* SOURCE RECORDS:
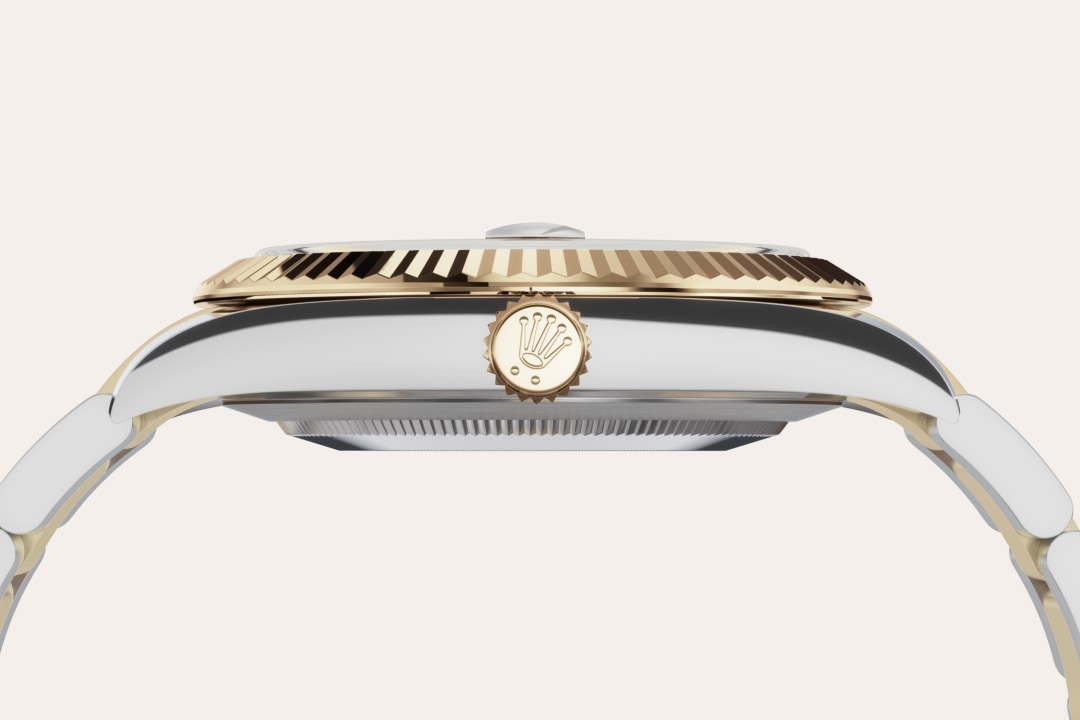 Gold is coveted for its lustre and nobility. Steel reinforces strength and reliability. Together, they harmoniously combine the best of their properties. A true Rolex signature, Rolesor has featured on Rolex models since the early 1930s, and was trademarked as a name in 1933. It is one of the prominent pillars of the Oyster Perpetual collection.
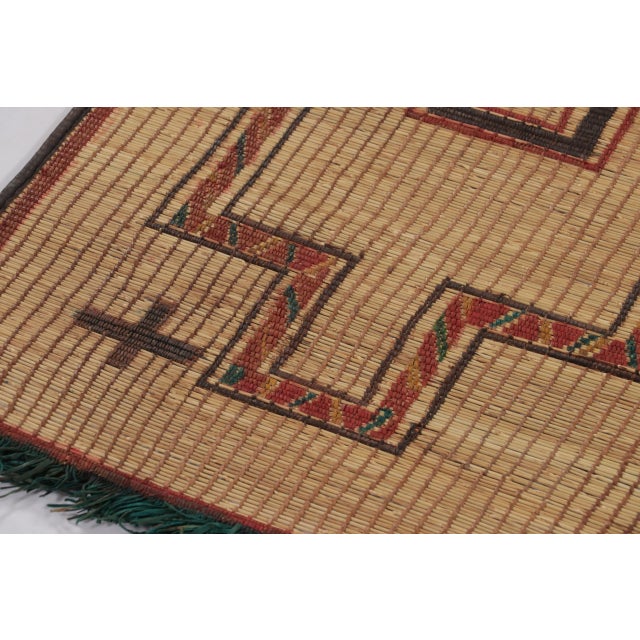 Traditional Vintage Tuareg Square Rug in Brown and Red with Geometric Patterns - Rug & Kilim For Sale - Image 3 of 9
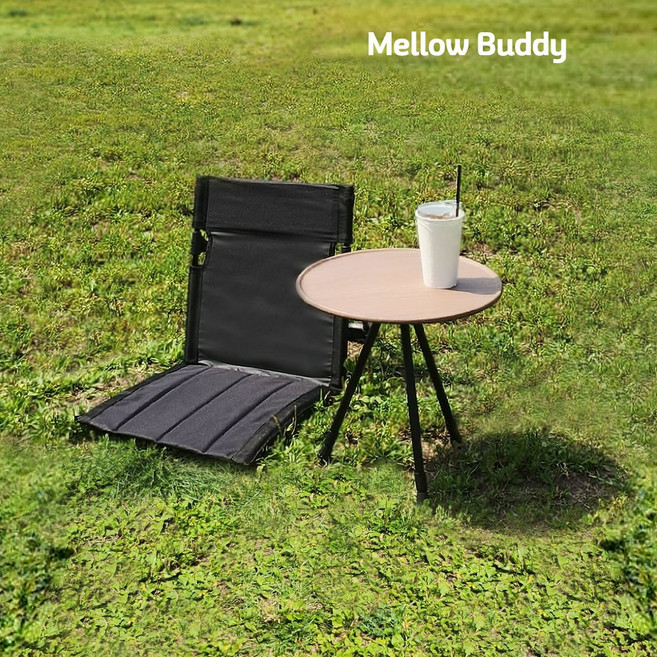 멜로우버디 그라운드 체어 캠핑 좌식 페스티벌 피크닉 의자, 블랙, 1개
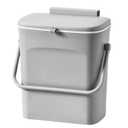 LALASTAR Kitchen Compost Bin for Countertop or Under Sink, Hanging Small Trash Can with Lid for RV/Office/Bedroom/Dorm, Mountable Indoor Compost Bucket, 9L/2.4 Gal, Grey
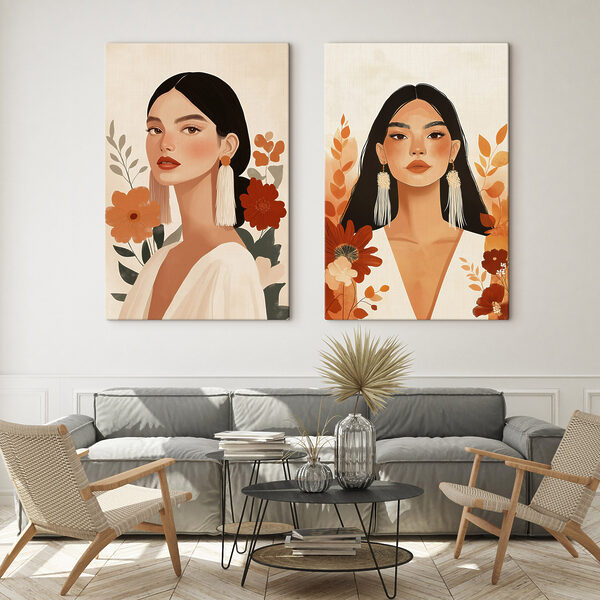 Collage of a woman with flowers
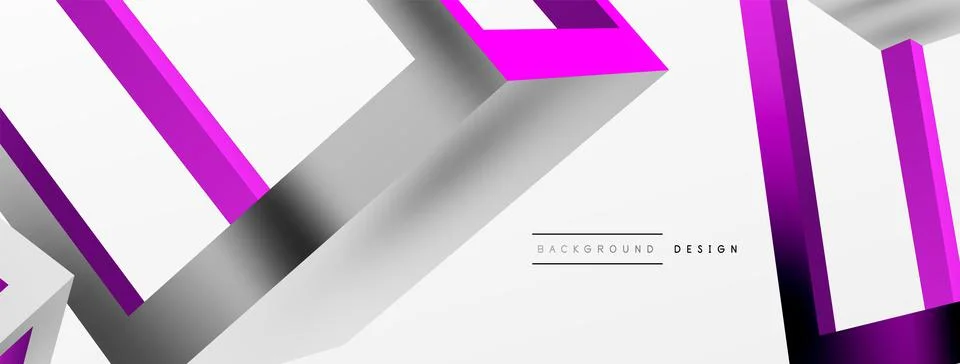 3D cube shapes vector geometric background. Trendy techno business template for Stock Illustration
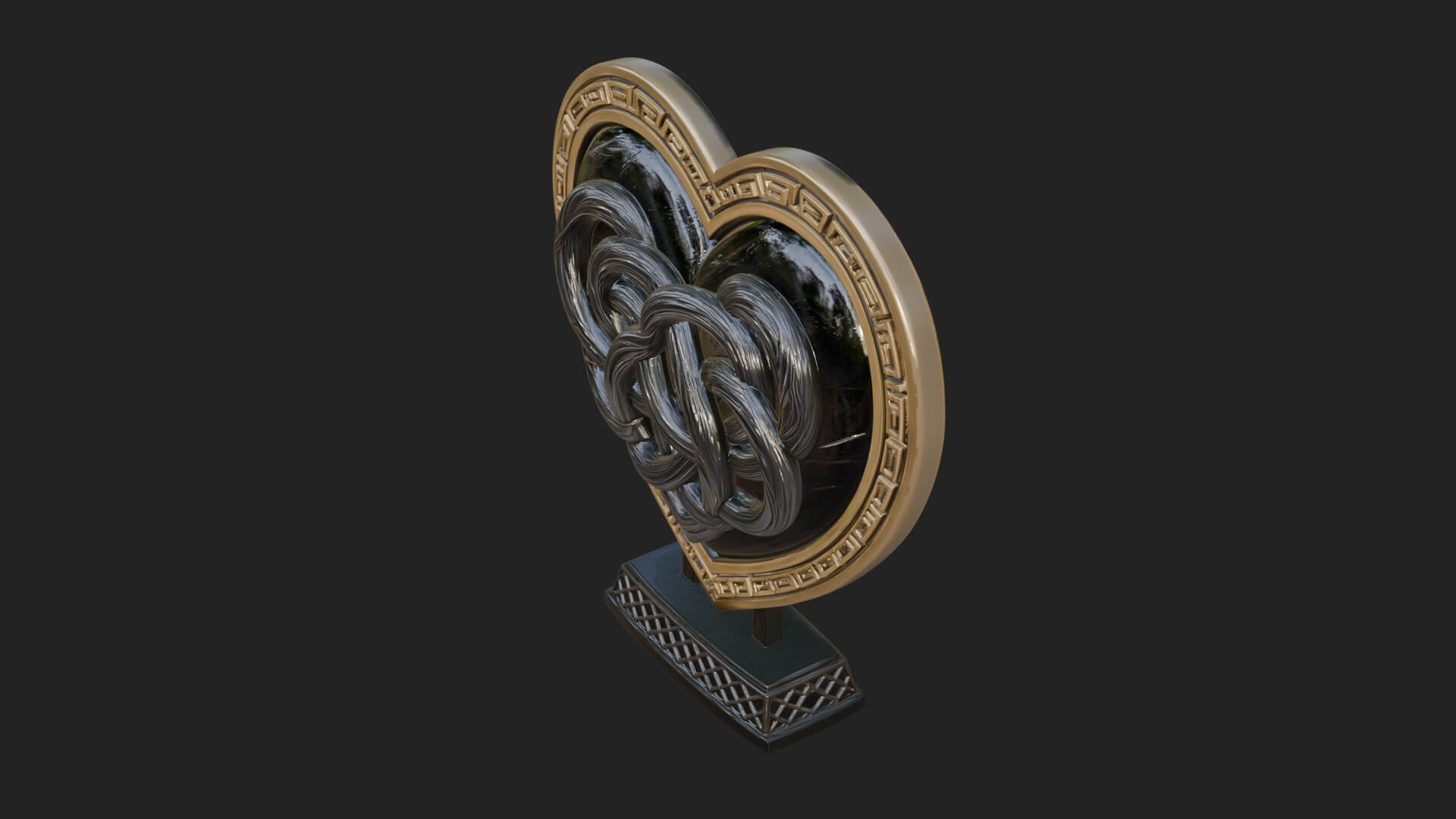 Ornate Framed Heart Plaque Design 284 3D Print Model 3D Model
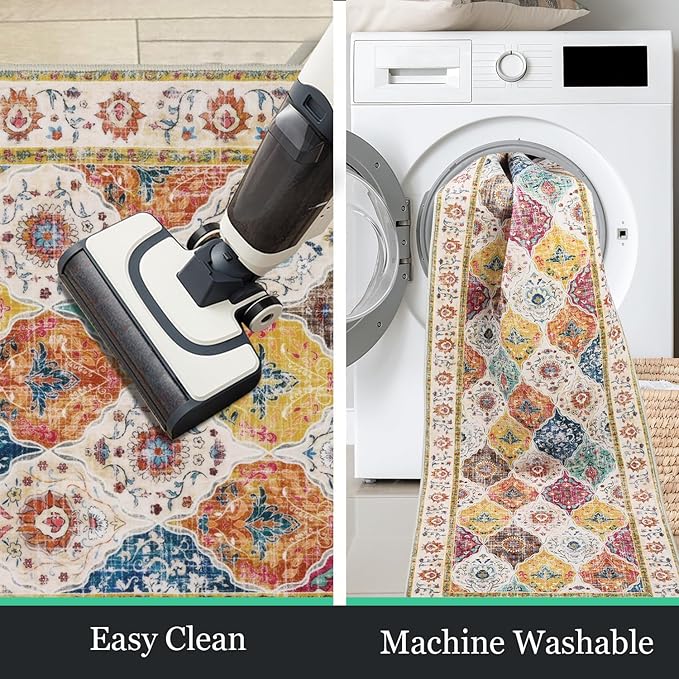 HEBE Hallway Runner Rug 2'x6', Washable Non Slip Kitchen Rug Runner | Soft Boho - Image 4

* WHAT IS BEING ASKED:
The answer should consist solely of the lines from the one containing "Ornate Framed Heart" through the last line of the material, copied exactly, with pictures left out.

* THE COMPLETED TASK:
 Ornate Framed Heart Plaque Design 284 3D Print Model 3D Model
 HEBE Hallway Runner Rug 2'x6', Washable Non Slip Kitchen Rug Runner | Soft Boho - Image 4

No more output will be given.